DATA TO USE =
= = =

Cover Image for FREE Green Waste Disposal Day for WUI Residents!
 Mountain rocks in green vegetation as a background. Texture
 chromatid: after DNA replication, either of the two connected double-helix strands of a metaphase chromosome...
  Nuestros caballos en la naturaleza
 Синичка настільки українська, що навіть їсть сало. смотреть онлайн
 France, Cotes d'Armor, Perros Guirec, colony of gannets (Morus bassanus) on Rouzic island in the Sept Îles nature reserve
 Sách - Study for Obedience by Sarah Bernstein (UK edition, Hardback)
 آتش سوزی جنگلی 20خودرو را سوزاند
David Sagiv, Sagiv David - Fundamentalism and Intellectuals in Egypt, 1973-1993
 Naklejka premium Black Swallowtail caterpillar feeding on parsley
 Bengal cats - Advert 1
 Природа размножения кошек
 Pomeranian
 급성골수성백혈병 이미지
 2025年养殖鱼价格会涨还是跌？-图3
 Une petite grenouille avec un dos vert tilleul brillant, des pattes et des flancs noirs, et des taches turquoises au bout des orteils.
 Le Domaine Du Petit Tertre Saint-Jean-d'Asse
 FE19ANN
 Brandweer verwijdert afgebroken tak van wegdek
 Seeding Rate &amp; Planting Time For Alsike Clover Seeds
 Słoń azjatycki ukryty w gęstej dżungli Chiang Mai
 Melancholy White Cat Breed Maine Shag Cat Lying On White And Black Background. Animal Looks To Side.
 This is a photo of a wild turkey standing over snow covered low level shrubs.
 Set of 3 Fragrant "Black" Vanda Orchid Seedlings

= = =

PROBLEM STATEMENT =
The response must contain exactly the lines from the one with "Melancholy White Cat" through the last line of the material above, both ends included, and no others.

ANSWER TO THIS PROBLEM =
 Melancholy White Cat Breed Maine Shag Cat Lying On White And Black Background. Animal Looks To Side.
 This is a photo of a wild turkey standing over snow covered low level shrubs.
 Set of 3 Fragrant "Black" Vanda Orchid Seedlings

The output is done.